United States: Los Angeles Times to pay settlement in lawsuit on pay disparity

The Los Angeles Times and Tribune Publishing have agreed to pay US$3 million to settle a lawsuit over unequal pay for journalists of Color and women journalists. The International Federation of Journalists (IFJ) congratulates the LA Times Guild for their victory for equal pay.

Pedestrians walking past the offices of the Los Angeles Times. Credits: FREDERIC J. BROWN / AFP

The foundation for the lawsuit was laid in 2018 when Los Angeles Times journalists voted to form a union and join the News Guild, an IFJ affiliate. The union demanded the release of salary data, which revealed that women journalists and journalists of Color were paid significantly less than their white male counterparts.

After the finding, LA Times media workers filed a lawsuit at San Bernardino County Superior Court claiming pay discrimination based on gender, race and ethnicity.

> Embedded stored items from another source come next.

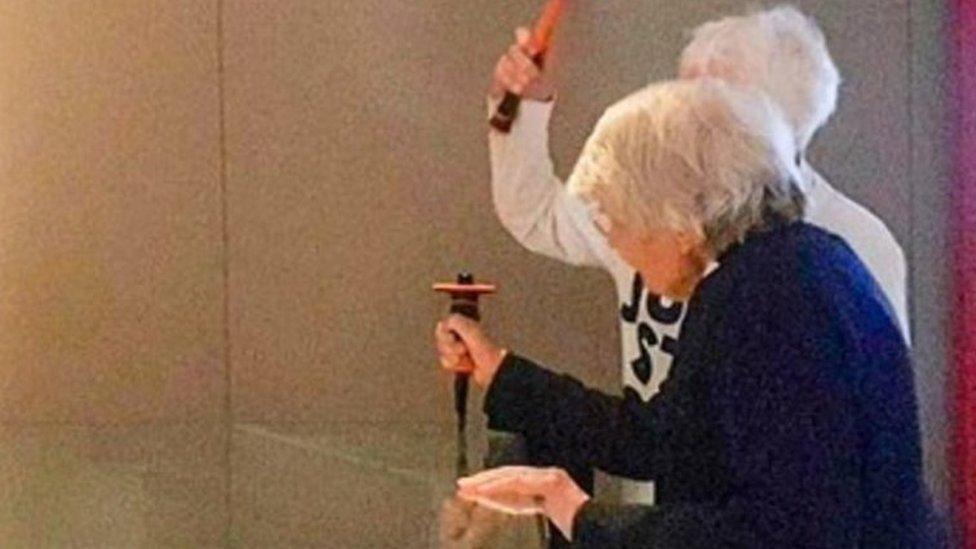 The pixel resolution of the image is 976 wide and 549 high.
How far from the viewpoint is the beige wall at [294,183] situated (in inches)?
107

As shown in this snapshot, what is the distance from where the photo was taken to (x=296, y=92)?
2.79 m

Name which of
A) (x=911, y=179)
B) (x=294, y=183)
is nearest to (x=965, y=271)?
(x=911, y=179)

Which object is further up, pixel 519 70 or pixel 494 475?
pixel 519 70

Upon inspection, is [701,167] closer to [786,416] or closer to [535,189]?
[786,416]

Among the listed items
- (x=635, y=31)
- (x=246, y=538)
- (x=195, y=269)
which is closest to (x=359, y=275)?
(x=195, y=269)

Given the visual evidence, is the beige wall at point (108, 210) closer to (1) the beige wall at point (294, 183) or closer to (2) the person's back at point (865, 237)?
(1) the beige wall at point (294, 183)

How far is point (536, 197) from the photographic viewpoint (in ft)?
8.70

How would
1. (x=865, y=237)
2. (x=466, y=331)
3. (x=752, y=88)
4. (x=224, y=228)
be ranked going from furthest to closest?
1. (x=224, y=228)
2. (x=865, y=237)
3. (x=752, y=88)
4. (x=466, y=331)

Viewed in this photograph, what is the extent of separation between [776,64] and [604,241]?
11.9 inches

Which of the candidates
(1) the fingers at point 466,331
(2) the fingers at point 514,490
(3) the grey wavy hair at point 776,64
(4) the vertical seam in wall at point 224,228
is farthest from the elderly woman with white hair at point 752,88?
(2) the fingers at point 514,490

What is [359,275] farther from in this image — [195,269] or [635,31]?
[635,31]

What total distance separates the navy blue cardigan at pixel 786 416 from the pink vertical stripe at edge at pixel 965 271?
4.59 ft

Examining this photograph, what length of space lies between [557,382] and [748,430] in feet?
1.34

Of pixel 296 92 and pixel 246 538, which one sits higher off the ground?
pixel 296 92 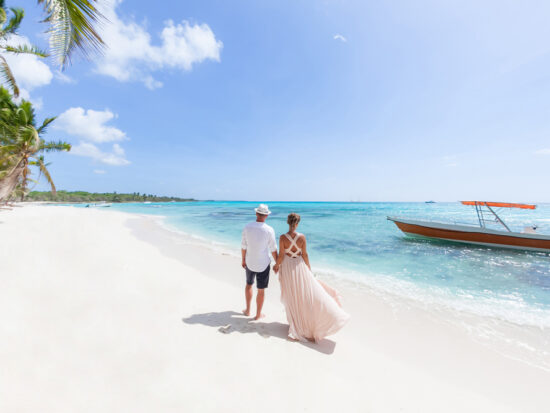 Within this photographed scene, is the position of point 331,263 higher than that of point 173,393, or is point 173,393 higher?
point 173,393

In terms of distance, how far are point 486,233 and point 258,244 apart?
16.1 metres

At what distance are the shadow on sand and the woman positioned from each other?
160mm

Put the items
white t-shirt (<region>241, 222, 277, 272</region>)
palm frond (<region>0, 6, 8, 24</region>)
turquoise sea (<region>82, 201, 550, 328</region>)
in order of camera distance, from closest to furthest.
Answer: white t-shirt (<region>241, 222, 277, 272</region>)
turquoise sea (<region>82, 201, 550, 328</region>)
palm frond (<region>0, 6, 8, 24</region>)

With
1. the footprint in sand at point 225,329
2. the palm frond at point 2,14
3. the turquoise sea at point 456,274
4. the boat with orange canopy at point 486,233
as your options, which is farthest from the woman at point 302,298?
the palm frond at point 2,14

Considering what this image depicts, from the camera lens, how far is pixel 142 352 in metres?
2.43

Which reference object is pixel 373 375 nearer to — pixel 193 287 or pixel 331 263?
pixel 193 287

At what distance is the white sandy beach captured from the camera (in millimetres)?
1893

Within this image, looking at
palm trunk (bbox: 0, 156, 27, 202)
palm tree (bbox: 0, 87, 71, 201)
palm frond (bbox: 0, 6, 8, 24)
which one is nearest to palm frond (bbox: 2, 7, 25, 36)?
palm frond (bbox: 0, 6, 8, 24)

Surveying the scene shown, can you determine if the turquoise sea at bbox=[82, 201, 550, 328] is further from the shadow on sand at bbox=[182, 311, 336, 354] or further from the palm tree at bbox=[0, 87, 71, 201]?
the palm tree at bbox=[0, 87, 71, 201]

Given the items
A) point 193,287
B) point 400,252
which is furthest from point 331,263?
point 193,287

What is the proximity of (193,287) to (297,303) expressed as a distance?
290cm

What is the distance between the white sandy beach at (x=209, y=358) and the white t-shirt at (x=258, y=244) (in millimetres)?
1012

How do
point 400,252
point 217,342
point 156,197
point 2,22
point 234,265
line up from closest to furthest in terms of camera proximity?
point 217,342 < point 234,265 < point 2,22 < point 400,252 < point 156,197

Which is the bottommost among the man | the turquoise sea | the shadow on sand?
the turquoise sea
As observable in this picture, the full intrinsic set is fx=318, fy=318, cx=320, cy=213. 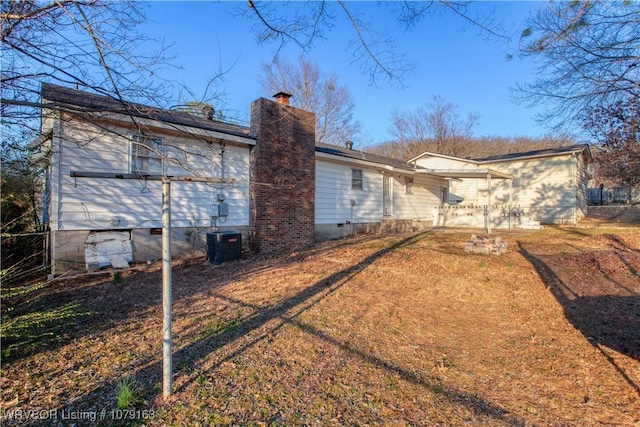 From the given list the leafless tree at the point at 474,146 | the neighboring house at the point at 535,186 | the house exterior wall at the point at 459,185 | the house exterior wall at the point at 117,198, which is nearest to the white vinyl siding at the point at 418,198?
the neighboring house at the point at 535,186

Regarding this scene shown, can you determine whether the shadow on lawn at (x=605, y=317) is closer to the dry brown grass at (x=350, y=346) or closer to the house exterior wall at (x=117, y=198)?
the dry brown grass at (x=350, y=346)

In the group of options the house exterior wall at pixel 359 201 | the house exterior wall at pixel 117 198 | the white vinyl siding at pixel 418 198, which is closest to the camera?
the house exterior wall at pixel 117 198

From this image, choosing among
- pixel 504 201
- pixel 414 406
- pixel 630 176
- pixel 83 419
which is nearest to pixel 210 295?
pixel 83 419

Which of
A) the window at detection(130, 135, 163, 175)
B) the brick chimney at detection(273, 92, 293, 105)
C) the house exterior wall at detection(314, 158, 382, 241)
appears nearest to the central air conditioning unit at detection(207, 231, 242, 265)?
the window at detection(130, 135, 163, 175)

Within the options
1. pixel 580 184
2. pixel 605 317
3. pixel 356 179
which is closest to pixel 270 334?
pixel 605 317

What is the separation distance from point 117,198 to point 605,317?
31.5ft

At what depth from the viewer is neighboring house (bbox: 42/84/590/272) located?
6.56 metres

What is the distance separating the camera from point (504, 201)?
18.7 m

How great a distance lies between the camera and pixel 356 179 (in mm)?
12680

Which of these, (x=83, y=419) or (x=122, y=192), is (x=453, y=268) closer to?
(x=83, y=419)

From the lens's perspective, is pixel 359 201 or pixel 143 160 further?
pixel 359 201

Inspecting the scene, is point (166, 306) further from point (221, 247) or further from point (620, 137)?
point (620, 137)

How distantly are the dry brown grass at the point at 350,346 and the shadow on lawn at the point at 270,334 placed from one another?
0.02 metres

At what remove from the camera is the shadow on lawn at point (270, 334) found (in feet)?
8.68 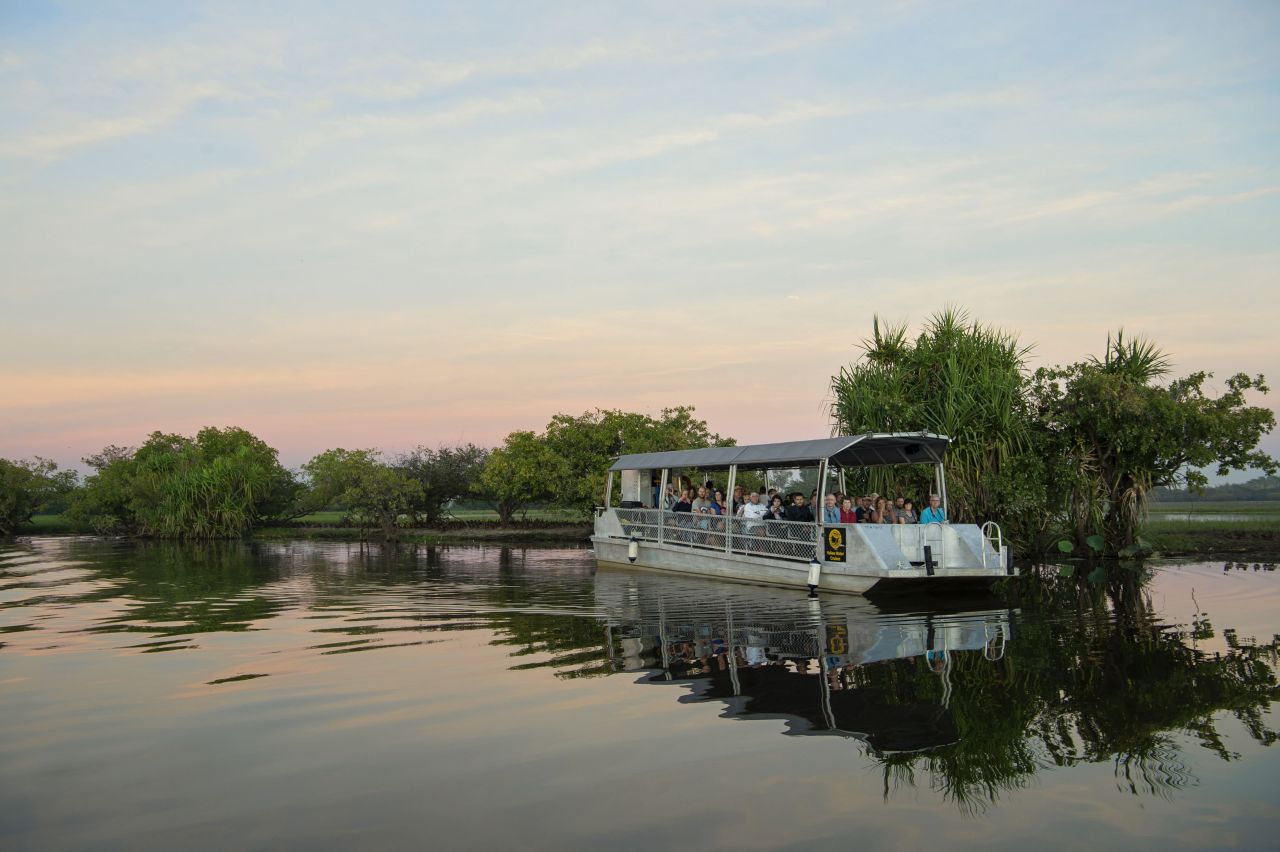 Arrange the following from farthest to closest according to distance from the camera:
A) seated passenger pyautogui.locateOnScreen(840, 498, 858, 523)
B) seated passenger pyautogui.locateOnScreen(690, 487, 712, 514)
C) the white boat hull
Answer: seated passenger pyautogui.locateOnScreen(690, 487, 712, 514) → seated passenger pyautogui.locateOnScreen(840, 498, 858, 523) → the white boat hull

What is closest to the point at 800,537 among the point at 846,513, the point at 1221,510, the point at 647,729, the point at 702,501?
the point at 846,513

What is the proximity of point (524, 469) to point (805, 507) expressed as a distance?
24.3 metres

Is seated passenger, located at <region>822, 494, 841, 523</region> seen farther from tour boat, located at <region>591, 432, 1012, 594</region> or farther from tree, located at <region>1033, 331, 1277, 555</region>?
tree, located at <region>1033, 331, 1277, 555</region>


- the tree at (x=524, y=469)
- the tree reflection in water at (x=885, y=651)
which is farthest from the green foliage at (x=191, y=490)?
the tree reflection in water at (x=885, y=651)

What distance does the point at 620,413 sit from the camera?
46.2 m

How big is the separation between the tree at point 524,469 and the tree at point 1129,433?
72.5 feet

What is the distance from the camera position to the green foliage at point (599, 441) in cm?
4431

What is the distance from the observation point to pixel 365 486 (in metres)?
50.6

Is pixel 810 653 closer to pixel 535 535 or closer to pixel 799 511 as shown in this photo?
pixel 799 511

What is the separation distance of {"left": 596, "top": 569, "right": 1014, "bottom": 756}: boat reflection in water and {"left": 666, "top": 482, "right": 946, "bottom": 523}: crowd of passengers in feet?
6.96

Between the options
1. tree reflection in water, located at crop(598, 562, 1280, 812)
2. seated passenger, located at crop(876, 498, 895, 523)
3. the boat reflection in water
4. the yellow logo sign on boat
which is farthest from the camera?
seated passenger, located at crop(876, 498, 895, 523)

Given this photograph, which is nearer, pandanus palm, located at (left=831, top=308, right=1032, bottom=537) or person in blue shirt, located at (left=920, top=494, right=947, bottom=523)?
person in blue shirt, located at (left=920, top=494, right=947, bottom=523)

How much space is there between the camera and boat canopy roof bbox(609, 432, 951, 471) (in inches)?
796

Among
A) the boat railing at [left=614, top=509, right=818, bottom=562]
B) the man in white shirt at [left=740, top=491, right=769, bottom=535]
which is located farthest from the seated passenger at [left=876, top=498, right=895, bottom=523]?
the man in white shirt at [left=740, top=491, right=769, bottom=535] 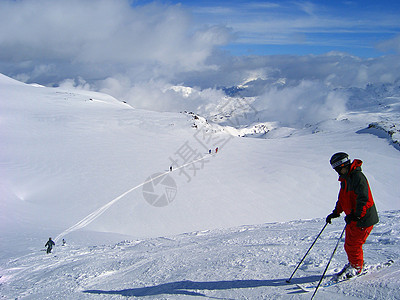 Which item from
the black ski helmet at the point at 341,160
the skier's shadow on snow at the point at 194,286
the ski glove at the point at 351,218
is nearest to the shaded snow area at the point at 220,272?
the skier's shadow on snow at the point at 194,286

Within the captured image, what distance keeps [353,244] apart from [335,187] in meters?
21.2

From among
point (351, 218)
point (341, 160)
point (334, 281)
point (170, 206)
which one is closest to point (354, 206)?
point (351, 218)

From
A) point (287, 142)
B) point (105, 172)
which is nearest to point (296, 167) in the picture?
point (287, 142)

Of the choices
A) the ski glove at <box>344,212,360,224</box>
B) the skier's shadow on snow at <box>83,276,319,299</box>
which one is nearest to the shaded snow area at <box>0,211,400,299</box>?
the skier's shadow on snow at <box>83,276,319,299</box>

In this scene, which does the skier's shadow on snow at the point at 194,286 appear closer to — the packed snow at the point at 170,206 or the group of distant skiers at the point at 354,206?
the packed snow at the point at 170,206

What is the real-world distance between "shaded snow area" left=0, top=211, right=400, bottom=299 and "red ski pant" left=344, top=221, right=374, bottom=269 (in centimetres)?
31

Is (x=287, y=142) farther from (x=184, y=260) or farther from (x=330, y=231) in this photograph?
(x=184, y=260)

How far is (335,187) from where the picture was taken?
24.5 meters

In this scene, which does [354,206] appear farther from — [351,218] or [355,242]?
[355,242]

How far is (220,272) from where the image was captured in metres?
6.28

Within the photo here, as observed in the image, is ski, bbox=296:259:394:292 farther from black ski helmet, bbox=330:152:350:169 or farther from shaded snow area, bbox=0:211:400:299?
black ski helmet, bbox=330:152:350:169

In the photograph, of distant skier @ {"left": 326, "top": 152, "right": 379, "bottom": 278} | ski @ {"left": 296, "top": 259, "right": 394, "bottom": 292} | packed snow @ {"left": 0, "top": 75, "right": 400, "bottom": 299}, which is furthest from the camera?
packed snow @ {"left": 0, "top": 75, "right": 400, "bottom": 299}

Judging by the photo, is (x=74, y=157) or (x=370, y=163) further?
(x=74, y=157)

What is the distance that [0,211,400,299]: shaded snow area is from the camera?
5125 mm
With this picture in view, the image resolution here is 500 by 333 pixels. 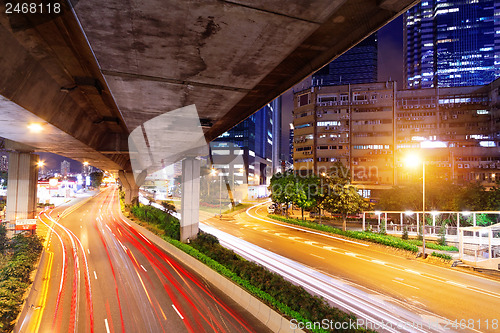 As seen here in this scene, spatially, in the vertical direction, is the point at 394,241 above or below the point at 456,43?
below

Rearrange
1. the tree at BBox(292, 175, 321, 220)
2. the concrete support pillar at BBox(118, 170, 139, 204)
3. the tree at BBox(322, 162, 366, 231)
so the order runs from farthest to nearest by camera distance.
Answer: the concrete support pillar at BBox(118, 170, 139, 204) < the tree at BBox(292, 175, 321, 220) < the tree at BBox(322, 162, 366, 231)

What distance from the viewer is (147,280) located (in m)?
18.1

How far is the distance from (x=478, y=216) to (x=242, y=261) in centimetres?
3327

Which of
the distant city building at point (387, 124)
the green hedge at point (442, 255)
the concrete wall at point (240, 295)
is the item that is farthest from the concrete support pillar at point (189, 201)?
the distant city building at point (387, 124)

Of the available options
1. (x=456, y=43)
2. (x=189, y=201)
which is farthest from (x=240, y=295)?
(x=456, y=43)

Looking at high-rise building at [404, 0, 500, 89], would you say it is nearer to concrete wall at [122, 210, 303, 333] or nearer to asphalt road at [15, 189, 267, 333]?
concrete wall at [122, 210, 303, 333]

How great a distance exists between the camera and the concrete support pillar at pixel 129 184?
169ft

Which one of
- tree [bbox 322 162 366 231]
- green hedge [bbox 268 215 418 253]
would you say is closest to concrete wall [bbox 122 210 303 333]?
green hedge [bbox 268 215 418 253]

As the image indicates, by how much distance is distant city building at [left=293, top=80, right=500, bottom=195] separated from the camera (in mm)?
73812

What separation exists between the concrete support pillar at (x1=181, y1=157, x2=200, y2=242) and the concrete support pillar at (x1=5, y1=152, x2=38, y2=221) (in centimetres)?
1410

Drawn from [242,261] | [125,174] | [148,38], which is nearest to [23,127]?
[148,38]

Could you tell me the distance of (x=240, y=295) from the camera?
15305 mm

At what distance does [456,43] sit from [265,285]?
192 metres

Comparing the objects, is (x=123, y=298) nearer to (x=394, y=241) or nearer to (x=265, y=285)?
(x=265, y=285) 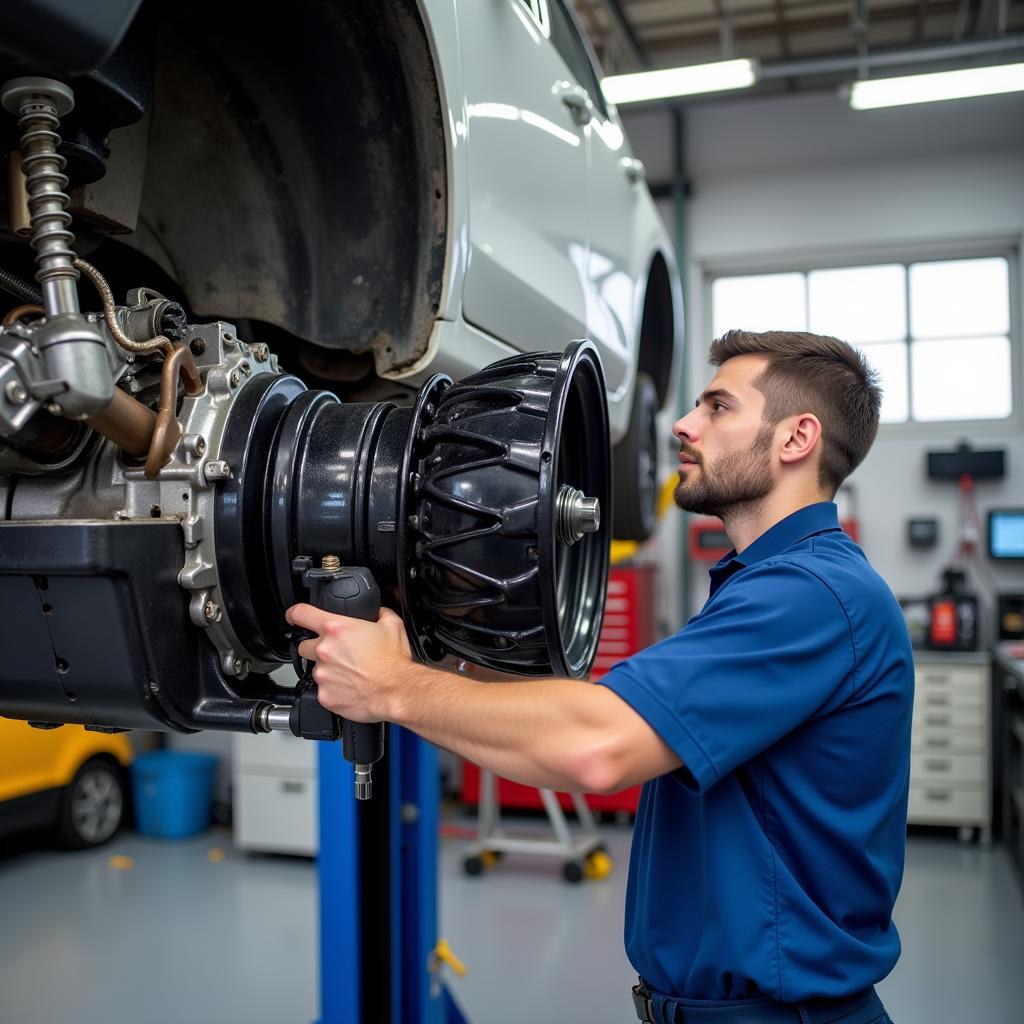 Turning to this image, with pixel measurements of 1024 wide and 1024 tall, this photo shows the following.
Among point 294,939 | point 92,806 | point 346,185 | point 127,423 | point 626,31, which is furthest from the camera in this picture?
point 626,31

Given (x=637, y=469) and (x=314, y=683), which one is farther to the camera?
(x=637, y=469)

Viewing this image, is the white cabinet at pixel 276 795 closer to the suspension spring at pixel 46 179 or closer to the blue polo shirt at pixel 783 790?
the blue polo shirt at pixel 783 790

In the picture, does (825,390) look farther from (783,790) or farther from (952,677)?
(952,677)

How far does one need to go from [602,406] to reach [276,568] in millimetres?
421

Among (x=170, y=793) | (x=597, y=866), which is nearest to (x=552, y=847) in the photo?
(x=597, y=866)

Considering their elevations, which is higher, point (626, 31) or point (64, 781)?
point (626, 31)

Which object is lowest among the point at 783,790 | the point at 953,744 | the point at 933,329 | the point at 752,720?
the point at 953,744

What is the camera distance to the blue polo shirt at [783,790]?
1.08 m

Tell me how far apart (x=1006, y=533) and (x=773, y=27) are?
311cm

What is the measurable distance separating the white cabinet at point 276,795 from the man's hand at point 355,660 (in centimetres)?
380

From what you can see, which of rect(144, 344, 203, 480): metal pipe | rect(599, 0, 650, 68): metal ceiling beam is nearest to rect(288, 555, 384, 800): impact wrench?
rect(144, 344, 203, 480): metal pipe

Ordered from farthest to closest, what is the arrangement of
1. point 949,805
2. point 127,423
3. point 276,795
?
1. point 949,805
2. point 276,795
3. point 127,423

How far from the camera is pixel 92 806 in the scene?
4.87 m

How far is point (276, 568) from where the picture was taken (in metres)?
0.96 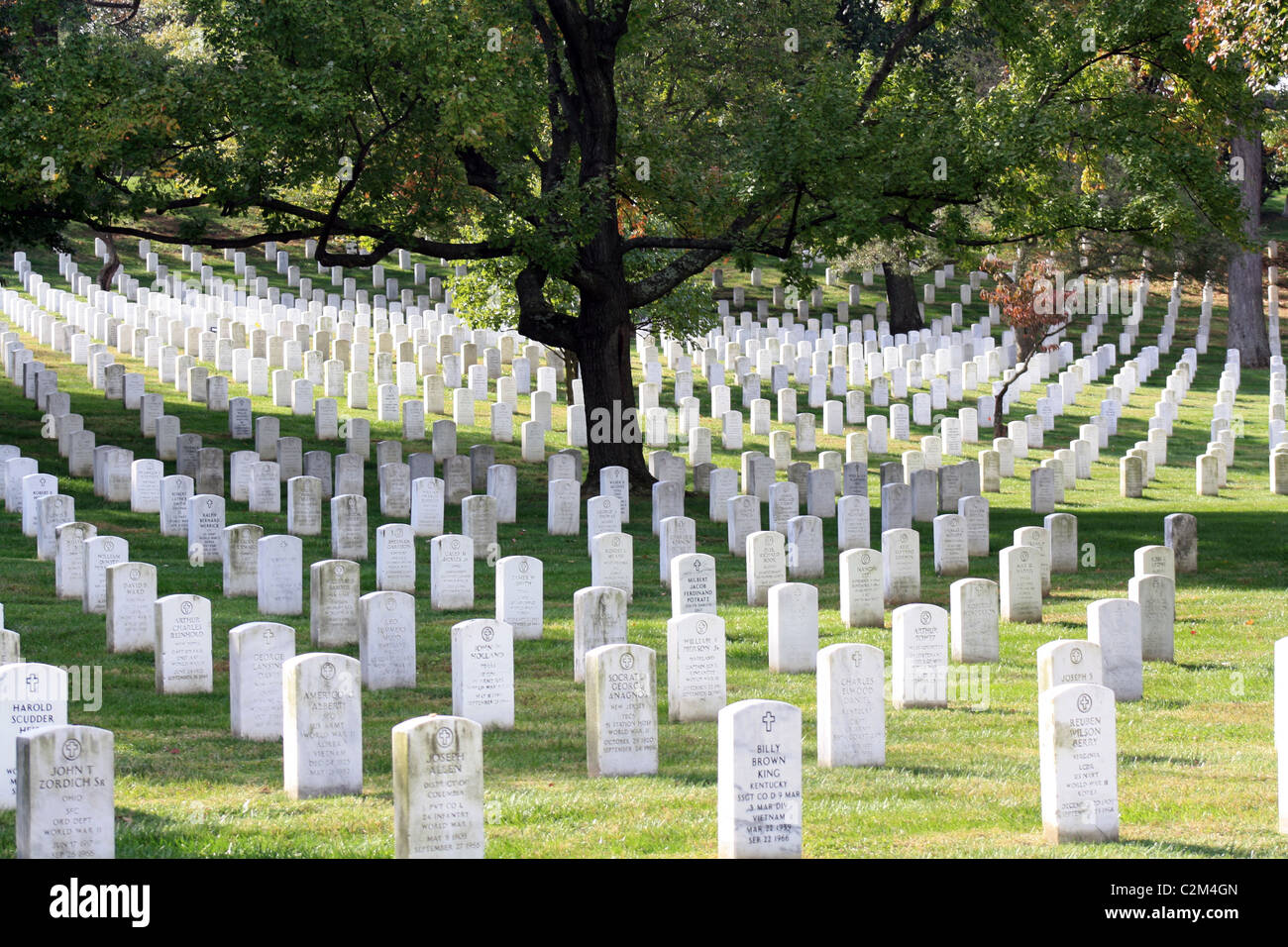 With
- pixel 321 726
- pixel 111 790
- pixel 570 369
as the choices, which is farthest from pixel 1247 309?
pixel 111 790

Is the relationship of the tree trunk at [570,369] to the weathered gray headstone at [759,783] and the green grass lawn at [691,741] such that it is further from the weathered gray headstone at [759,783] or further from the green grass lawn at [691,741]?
the weathered gray headstone at [759,783]

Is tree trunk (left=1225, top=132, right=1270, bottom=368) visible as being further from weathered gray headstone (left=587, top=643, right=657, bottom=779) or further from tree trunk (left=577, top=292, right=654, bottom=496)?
weathered gray headstone (left=587, top=643, right=657, bottom=779)

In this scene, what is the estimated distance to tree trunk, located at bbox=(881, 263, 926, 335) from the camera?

In October, a judge preliminarily approved the proposed settlement and identified 240 current and former reporters and editors of the Los Angeles Times who would be eligible to receive compensation. Following that decision, Black, Latino and female reporters and editors who worked at the Los Angeles Times in the period between 2015 and 2020 will profit from the back pay. The payments are to be calculated based on a formula approved by the judge.

The lawsuit is based on the premise that salary practices violated California’s Equal Pay Act and California’s Business and Profession Code.

Tribune Publishing, which owned the Times until July 2018, and the Times’ current owners denied any wrongdoings or breaches of the law.

A final decision in the lawsuit is scheduled for March 2021.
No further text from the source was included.